If CDT pulls off a successful IPO, it may be a sign that the market has become more risk tolerant or that investors are comforted by the fact that CDT’s manufacturing partners already have products on the market.
On the other hand, a withdrawn CDT offering or a poor performance would support the contention that the platform technology model is out of synch with the current stock market. It would suggest companies promoting the promise and potential of nanotech have less appeal than companies with new and better products tailored to a specific existing market, with scalable processes, solid relationships, and sustainable and growing revenues. If they also happen to be enabled by nanotech, so be it.
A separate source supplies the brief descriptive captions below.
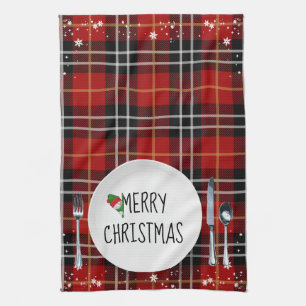 Kerstmis Bord op Tartan Pset Kitchen Towel Theedoek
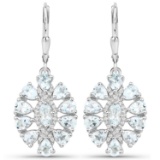 Plated Rhodium 2.80ctw Aquamarine and White Topaz Earrings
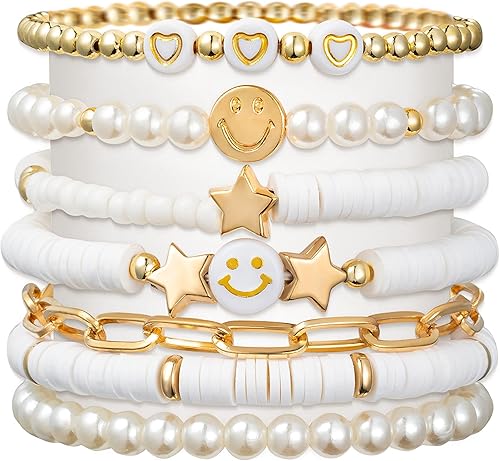 YALASOBA Juego de pulseras Preppy, coloridas pulseras apilables de arcilla polimérica y perlas de oro blanco sonriente, corazón, estrella, mal de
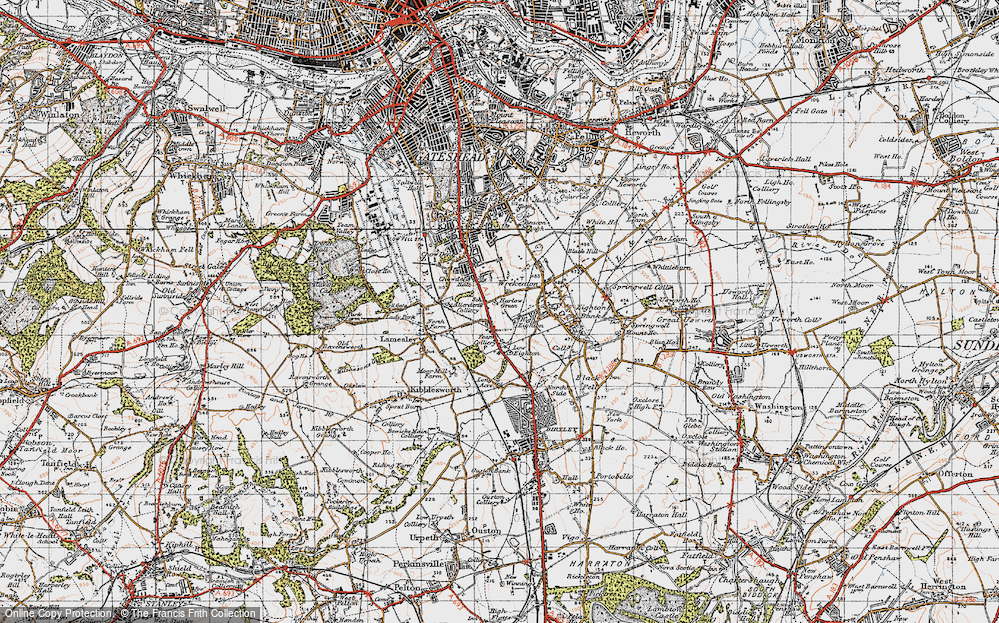 Old Map of Harlow Green, 1947 in 1947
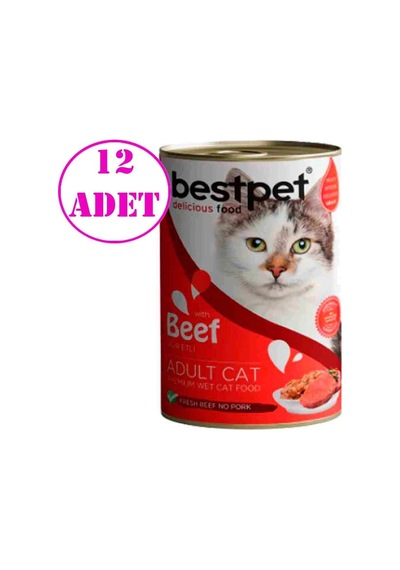 Bestpet Sığır Etli Jöleli Konserve Yetişkin Kedi Maması 12 x 400 G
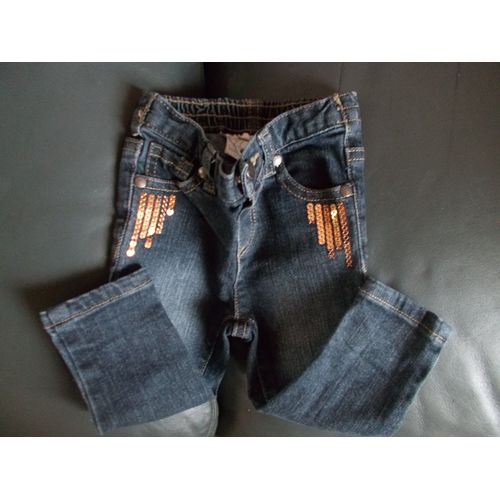 Jean Bleu Foncé &#43 Strass Bébé Fille Taille 9 Mois Idée Cadeau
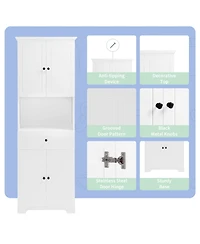 Casainc Tall Bathroom Cabinet with Four Doors, Large Storage Space & Open Shelves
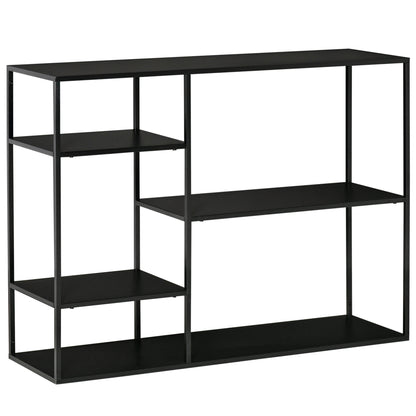 Boekenrek – Boekenkast – Opbergkast – Vakkenkast – Wandrek – Metaal Zwart – 120x35x87,5 cm – Duurzaam Gepoedercoat Staal – Kantelvaste Moderne Opbergoplossing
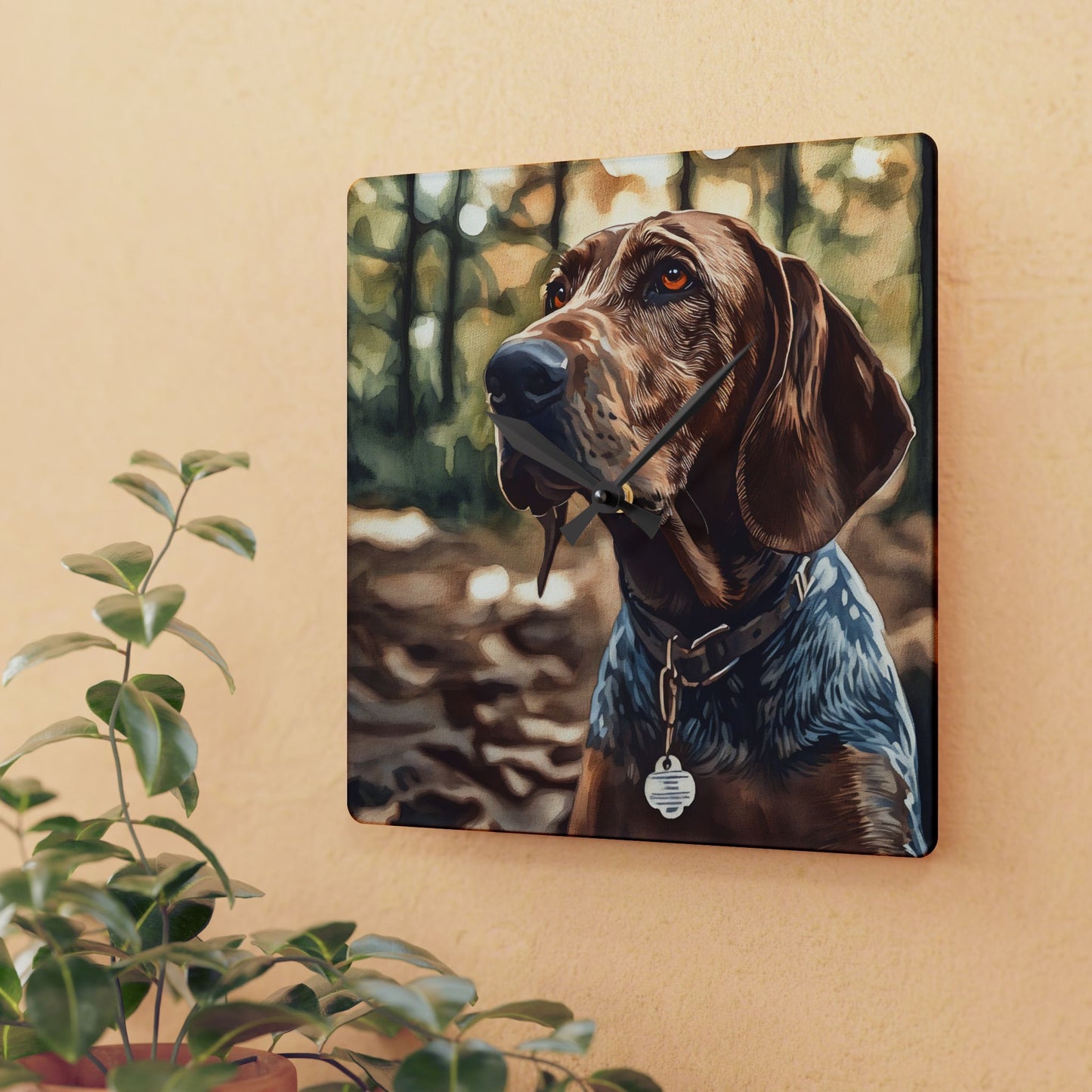 American English Coonhound Wall Clock | Hound Lover Gift | Watercolor Dog Art Home Décor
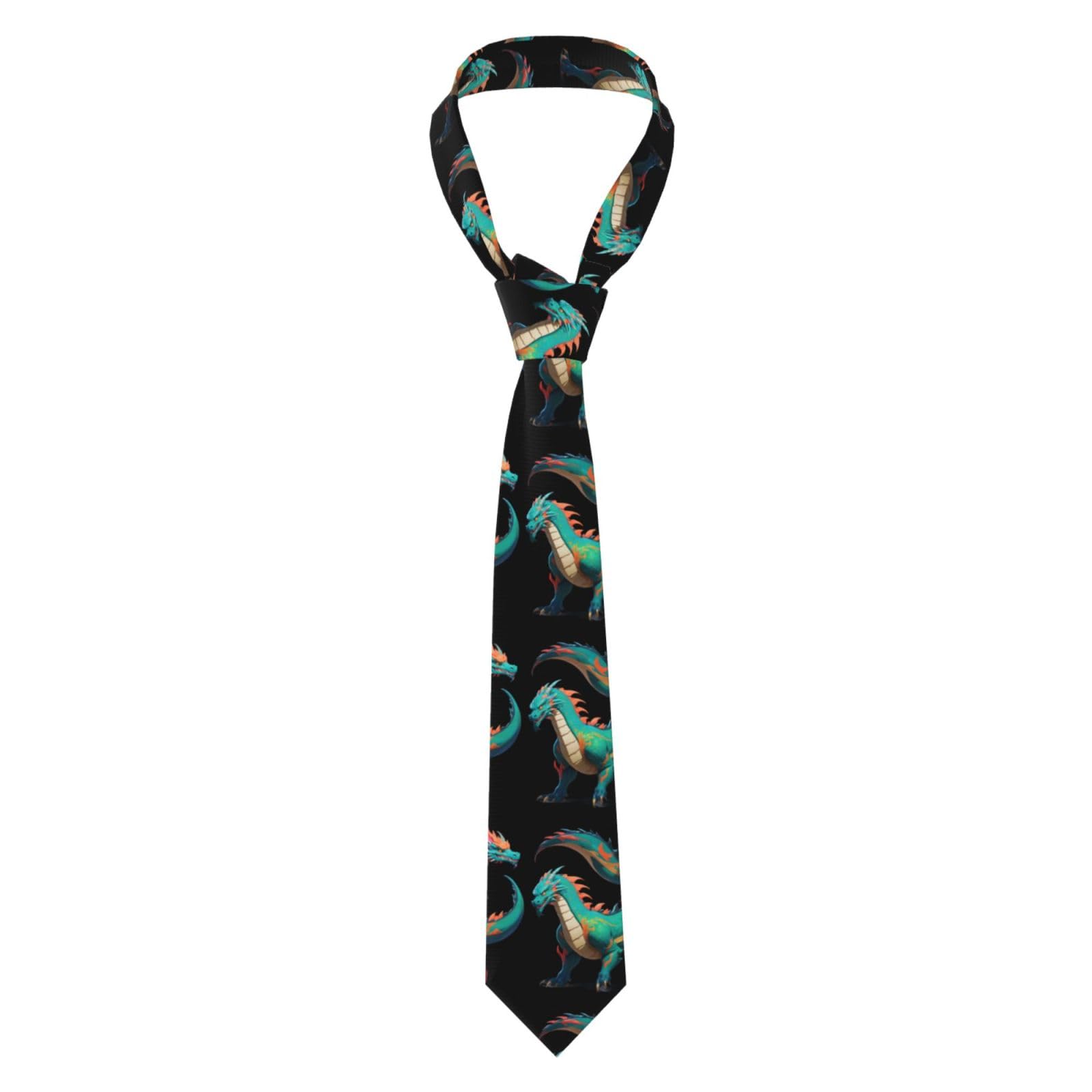BLWSLC Blue Fire Dragon Printed men's ties, stylish ties, suitable for work commutes, banquets, weddings or parties.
That was the approach taken by Immunicon Corp., which went public in April and raised $43 million in net proceeds. The company makes systems to collect and analyze rare cells from blood for cancer diagnostics and other purposes. It mentioned just once in its 122-page prospectus that its products use patented magnetic nanoparticles.
“Don’t try to sell your technology,” said Ed Erickson, chairman and chief executive. Instead, he advised, “Try to find some niche markets where you have specific leverage.”
The advice runs counter to the biotech boutique model and the platform play. In essence, Erickson maintains, companies should put the product horse before the platform cart, not the other way around.
By moving forward with a specific product in a proven market, he maintains, you prove your technology platform. You can branch out into other product markets later.
In a stock market skeptical of grandiose claims and high-risk ventures, the breakthrough nanotechnology IPO could be something as mundane as a market-focused diagnostics company. The breakthrough is that it presents a workable template for other nanotech-enabled startups to copy, and to go public despite an IPO market with a withering appetite for risk.
And in that sense, Immunicon might well have been the watershed nanotech IPO of 2004, precisely because it wasn’t a watershed at all.